[Collected data entries]
========================
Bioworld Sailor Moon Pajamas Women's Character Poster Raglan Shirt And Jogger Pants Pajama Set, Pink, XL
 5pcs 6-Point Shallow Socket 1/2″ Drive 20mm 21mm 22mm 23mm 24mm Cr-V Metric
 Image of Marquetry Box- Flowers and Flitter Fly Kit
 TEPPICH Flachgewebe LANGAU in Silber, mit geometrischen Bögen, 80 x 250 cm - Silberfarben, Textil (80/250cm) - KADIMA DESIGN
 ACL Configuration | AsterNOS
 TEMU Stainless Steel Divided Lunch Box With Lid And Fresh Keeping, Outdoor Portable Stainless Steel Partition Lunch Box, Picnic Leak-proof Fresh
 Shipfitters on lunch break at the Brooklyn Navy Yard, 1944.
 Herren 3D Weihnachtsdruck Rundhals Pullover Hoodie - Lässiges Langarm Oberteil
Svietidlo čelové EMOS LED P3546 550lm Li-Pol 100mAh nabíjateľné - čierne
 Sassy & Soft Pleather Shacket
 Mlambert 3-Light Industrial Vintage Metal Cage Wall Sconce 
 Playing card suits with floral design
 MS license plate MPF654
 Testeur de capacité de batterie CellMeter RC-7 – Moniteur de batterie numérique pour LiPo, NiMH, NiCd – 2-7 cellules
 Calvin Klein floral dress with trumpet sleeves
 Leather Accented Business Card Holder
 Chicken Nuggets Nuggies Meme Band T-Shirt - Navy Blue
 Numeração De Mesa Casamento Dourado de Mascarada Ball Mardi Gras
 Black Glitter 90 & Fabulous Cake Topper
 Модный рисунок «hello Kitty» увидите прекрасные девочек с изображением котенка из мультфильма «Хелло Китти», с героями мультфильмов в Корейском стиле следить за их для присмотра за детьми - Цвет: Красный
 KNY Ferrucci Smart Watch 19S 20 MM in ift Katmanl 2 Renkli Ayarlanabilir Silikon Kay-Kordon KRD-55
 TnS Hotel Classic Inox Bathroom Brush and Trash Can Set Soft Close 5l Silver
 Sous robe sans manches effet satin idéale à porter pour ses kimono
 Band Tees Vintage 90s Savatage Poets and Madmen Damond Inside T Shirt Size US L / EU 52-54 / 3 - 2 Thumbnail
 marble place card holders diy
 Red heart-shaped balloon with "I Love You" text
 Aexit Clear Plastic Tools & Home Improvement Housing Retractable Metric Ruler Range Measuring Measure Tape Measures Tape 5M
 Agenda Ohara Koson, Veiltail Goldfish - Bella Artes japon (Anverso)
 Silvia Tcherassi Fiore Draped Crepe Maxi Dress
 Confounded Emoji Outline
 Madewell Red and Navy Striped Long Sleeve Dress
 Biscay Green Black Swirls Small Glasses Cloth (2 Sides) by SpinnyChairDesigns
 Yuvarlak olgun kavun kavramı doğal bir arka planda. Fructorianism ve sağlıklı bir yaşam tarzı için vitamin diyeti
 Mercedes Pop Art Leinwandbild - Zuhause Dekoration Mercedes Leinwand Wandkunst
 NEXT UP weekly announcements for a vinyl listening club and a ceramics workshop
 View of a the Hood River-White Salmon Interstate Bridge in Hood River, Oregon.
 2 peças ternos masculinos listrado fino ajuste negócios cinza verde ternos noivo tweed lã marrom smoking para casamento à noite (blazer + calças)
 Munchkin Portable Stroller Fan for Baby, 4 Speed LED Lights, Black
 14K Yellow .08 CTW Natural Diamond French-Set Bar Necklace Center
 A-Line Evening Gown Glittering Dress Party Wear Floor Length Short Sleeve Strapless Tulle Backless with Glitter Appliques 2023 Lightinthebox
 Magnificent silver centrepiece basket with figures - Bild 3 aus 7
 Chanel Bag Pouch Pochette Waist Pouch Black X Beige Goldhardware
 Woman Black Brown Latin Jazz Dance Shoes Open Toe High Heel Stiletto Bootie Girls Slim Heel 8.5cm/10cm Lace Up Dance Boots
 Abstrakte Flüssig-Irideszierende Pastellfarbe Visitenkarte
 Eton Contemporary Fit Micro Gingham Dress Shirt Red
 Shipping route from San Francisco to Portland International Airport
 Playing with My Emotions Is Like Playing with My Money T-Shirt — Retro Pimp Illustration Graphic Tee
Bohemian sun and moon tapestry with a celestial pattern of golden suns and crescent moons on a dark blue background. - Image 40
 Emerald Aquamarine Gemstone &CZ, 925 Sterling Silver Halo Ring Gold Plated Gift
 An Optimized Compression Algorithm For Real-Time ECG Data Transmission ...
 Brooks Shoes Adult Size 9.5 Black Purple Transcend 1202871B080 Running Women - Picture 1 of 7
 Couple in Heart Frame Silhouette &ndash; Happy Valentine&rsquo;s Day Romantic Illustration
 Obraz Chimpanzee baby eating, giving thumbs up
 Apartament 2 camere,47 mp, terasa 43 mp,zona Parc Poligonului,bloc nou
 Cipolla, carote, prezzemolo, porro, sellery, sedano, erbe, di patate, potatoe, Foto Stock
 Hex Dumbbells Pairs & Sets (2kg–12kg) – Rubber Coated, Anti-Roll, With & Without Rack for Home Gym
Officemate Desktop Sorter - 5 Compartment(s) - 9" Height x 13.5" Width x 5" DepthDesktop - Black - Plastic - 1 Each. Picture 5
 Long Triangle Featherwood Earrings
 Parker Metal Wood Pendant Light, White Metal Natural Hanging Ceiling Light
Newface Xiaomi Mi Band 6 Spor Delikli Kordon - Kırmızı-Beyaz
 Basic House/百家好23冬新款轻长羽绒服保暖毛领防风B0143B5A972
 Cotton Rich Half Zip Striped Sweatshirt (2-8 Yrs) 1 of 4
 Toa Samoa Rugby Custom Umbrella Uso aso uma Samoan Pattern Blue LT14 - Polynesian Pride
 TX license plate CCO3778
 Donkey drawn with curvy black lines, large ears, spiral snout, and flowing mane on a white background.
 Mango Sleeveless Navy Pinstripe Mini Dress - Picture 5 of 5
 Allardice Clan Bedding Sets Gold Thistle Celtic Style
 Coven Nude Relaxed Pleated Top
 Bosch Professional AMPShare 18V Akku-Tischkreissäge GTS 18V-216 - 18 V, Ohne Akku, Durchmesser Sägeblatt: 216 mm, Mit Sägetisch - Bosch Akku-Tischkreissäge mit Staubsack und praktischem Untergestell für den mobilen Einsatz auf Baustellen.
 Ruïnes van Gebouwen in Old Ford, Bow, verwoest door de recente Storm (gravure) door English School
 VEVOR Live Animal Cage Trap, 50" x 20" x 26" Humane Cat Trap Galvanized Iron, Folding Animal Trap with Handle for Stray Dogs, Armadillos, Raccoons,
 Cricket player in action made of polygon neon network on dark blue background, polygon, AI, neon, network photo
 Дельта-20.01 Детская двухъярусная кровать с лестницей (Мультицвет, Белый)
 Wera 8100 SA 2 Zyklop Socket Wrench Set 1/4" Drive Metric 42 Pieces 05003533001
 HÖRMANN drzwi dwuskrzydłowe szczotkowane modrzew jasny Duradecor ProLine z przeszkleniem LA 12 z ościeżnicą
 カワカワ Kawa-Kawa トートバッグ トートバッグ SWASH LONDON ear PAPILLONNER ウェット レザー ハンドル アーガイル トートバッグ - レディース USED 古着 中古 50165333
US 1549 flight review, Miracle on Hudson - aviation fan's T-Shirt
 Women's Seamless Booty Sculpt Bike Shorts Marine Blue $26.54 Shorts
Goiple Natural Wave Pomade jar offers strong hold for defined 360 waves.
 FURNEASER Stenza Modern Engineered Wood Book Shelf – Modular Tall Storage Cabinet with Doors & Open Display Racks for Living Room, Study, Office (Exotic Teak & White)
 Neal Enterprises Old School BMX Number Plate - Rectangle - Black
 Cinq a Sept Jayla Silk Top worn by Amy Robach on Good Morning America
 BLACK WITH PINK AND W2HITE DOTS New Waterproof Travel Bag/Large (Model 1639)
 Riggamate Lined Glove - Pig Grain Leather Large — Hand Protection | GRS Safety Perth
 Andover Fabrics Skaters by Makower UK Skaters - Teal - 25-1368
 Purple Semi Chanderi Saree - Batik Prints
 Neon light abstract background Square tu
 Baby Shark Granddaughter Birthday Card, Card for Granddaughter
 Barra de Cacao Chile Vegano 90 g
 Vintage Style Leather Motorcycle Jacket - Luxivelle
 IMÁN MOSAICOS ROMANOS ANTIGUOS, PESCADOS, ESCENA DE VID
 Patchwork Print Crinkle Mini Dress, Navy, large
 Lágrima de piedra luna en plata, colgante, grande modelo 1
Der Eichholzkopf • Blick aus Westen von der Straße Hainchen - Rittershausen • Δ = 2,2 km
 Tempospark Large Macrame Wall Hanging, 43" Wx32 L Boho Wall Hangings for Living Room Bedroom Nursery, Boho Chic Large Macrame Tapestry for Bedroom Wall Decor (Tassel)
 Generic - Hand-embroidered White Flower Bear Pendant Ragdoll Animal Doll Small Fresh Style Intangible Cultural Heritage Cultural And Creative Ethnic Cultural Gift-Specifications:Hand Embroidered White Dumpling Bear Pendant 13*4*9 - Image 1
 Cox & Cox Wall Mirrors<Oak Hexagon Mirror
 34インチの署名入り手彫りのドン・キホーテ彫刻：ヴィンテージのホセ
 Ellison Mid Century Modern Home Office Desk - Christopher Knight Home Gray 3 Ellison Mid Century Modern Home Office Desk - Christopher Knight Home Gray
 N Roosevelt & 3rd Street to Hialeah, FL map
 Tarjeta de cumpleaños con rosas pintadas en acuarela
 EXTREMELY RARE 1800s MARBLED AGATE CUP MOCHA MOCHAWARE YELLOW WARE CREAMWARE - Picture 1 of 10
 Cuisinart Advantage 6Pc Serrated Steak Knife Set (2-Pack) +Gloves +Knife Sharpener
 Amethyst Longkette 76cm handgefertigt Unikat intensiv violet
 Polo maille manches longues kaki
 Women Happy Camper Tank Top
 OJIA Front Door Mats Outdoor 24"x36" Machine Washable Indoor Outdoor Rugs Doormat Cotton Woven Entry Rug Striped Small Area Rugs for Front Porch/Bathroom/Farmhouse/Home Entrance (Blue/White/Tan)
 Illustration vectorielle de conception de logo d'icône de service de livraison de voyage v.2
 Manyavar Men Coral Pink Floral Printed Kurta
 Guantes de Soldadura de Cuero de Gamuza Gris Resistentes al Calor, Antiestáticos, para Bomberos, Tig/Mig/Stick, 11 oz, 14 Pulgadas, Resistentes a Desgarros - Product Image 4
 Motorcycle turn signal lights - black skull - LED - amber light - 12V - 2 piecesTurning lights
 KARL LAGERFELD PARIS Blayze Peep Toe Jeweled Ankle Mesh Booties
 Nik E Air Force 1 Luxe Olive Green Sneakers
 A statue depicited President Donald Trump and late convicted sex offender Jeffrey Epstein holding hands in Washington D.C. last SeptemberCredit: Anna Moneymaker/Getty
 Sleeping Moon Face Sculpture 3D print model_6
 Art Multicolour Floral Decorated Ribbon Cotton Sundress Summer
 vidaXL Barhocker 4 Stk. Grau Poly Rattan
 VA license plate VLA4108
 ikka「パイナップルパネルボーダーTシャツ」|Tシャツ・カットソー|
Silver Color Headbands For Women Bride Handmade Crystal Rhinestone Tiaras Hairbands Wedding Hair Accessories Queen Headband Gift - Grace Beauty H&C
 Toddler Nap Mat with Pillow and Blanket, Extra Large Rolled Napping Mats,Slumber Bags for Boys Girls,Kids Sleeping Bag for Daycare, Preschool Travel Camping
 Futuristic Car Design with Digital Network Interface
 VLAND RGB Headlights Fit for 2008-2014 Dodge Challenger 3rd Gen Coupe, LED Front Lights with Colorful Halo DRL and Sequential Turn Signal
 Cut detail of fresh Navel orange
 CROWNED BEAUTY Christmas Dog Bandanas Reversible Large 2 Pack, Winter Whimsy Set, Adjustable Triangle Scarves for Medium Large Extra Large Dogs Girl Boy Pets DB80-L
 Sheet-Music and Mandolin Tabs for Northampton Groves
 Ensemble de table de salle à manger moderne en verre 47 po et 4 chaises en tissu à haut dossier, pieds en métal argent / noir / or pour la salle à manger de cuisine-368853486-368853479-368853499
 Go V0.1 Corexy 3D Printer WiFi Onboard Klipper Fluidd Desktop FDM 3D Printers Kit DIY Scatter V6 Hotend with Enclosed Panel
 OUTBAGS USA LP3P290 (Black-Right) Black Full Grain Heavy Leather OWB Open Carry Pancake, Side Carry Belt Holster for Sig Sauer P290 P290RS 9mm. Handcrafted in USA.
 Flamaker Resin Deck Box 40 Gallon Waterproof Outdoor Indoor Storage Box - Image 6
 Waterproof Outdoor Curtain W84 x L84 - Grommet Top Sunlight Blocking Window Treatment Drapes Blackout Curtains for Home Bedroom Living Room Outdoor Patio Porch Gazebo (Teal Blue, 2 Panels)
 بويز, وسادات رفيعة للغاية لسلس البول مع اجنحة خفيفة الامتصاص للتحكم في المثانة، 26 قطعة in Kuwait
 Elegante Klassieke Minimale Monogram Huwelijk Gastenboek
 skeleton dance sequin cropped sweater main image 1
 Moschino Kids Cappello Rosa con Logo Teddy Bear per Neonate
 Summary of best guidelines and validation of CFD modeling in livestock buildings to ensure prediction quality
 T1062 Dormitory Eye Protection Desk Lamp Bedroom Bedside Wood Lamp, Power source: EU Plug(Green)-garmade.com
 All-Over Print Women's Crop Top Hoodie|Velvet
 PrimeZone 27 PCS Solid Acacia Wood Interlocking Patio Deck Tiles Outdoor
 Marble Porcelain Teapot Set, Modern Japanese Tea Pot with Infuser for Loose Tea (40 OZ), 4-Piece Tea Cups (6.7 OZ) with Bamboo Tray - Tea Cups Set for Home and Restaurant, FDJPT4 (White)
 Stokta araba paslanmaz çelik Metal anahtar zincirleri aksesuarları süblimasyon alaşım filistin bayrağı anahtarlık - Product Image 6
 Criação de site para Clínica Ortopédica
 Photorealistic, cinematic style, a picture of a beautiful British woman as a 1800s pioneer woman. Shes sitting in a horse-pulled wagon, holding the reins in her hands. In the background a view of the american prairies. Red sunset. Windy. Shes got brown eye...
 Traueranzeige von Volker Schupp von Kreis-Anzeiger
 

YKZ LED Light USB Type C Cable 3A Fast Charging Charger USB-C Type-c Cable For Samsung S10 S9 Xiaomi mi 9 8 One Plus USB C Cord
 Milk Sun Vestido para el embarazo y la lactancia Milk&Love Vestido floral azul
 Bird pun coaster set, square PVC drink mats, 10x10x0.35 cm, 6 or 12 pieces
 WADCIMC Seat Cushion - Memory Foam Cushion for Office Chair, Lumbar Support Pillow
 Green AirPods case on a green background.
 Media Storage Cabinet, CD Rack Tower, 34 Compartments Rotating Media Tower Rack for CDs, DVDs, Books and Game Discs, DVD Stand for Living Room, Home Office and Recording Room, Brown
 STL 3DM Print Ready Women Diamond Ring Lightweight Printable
========================
■ **Try it**:
Copy the records above exactly, beginning at the line that contains "KARL LAGERFELD PARIS" and stopping after the line that contains "Cut detail of fresh Navel orange".

■ **Problem solution**:
 KARL LAGERFELD PARIS Blayze Peep Toe Jeweled Ankle Mesh Booties
 Nik E Air Force 1 Luxe Olive Green Sneakers
 A statue depicited President Donald Trump and late convicted sex offender Jeffrey Epstein holding hands in Washington D.C. last SeptemberCredit: Anna Moneymaker/Getty
 Sleeping Moon Face Sculpture 3D print model_6
 Art Multicolour Floral Decorated Ribbon Cotton Sundress Summer
 vidaXL Barhocker 4 Stk. Grau Poly Rattan
 VA license plate VLA4108
 ikka「パイナップルパネルボーダーTシャツ」|Tシャツ・カットソー|
Silver Color Headbands For Women Bride Handmade Crystal Rhinestone Tiaras Hairbands Wedding Hair Accessories Queen Headband Gift - Grace Beauty H&C
 Toddler Nap Mat with Pillow and Blanket, Extra Large Rolled Napping Mats,Slumber Bags for Boys Girls,Kids Sleeping Bag for Daycare, Preschool Travel Camping
 Futuristic Car Design with Digital Network Interface
 VLAND RGB Headlights Fit for 2008-2014 Dodge Challenger 3rd Gen Coupe, LED Front Lights with Colorful Halo DRL and Sequential Turn Signal
 Cut detail of fresh Navel orange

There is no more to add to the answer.